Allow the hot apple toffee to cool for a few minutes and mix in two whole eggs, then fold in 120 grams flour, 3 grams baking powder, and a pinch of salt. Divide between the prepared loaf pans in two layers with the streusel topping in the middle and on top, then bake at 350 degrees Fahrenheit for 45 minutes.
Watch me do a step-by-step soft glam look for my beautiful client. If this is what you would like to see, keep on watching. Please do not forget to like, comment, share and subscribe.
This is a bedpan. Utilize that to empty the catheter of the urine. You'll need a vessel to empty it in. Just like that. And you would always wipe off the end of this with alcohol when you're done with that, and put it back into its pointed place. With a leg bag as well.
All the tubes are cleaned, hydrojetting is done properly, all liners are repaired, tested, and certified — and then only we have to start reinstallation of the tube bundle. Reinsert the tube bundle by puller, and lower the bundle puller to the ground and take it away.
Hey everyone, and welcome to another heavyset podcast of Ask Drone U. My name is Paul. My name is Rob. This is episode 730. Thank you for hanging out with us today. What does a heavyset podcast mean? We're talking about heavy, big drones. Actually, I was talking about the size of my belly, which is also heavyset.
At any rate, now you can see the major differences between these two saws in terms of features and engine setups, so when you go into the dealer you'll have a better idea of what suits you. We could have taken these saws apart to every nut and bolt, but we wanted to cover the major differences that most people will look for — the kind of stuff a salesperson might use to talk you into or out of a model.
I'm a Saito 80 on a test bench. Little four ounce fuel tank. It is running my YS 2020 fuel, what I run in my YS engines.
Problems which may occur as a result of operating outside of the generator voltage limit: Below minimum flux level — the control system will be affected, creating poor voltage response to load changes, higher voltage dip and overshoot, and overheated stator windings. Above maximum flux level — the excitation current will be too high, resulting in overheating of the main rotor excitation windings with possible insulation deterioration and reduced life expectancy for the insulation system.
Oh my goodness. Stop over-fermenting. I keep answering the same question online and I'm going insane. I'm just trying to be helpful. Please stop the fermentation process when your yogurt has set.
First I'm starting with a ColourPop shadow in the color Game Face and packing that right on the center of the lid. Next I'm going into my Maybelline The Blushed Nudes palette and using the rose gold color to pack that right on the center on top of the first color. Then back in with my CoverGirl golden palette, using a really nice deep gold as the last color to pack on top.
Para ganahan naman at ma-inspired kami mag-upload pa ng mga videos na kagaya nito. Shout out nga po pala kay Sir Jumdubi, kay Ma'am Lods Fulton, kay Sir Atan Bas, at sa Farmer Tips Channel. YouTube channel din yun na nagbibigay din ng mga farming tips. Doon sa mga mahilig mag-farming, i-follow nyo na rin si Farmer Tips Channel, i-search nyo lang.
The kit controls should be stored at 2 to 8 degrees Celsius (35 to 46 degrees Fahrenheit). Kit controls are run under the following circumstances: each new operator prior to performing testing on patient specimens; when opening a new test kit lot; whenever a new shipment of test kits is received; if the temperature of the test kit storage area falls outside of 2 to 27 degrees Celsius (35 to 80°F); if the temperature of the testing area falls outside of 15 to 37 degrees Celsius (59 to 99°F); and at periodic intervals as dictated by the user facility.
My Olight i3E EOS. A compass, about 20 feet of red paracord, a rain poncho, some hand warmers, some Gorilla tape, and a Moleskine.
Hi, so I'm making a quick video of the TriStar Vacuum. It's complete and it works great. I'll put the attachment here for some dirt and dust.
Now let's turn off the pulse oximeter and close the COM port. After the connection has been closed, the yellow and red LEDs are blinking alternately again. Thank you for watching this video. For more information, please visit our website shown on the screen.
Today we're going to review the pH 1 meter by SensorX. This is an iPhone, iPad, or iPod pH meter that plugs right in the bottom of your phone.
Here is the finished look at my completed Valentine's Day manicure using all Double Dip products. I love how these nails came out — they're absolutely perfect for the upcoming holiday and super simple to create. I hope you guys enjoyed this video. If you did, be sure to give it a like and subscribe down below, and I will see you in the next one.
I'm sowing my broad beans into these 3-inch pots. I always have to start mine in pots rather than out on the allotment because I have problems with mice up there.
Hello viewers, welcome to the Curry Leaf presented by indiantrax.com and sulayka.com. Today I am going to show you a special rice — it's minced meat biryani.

§ **EXERCISE REQUIREMENTS**
Repeat only the lines from the one holding "Here is the" through the last line of the data.

§ **RESPONSE TO THE TASK**
Here is the finished look at my completed Valentine's Day manicure using all Double Dip products. I love how these nails came out — they're absolutely perfect for the upcoming holiday and super simple to create. I hope you guys enjoyed this video. If you did, be sure to give it a like and subscribe down below, and I will see you in the next one.
I'm sowing my broad beans into these 3-inch pots. I always have to start mine in pots rather than out on the allotment because I have problems with mice up there.
Hello viewers, welcome to the Curry Leaf presented by indiantrax.com and sulayka.com. Today I am going to show you a special rice — it's minced meat biryani.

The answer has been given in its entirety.